Work request: Look below. Copy each line that has "Crystal" in it.

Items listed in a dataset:
'''

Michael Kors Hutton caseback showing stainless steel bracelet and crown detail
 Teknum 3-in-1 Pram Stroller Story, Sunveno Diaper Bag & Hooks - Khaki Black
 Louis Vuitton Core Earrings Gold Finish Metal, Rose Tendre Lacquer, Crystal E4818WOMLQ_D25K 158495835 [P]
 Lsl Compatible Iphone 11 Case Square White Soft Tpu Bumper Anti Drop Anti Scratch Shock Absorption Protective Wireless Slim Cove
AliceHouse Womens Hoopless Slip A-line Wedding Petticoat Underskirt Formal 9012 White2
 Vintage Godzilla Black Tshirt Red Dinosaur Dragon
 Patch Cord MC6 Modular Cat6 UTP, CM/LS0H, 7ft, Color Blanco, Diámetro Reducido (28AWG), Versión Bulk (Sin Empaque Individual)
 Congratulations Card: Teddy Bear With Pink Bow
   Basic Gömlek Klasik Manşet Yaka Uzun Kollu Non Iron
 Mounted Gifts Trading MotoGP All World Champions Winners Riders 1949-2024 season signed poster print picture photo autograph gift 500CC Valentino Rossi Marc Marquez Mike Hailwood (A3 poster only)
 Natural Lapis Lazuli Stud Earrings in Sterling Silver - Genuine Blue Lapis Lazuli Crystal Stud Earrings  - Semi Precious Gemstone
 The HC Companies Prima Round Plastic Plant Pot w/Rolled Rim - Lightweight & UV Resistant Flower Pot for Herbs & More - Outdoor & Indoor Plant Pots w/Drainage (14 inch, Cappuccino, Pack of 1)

'''

Solution to this task:
 Louis Vuitton Core Earrings Gold Finish Metal, Rose Tendre Lacquer, Crystal E4818WOMLQ_D25K 158495835 [P]
 Natural Lapis Lazuli Stud Earrings in Sterling Silver - Genuine Blue Lapis Lazuli Crystal Stud Earrings  - Semi Precious Gemstone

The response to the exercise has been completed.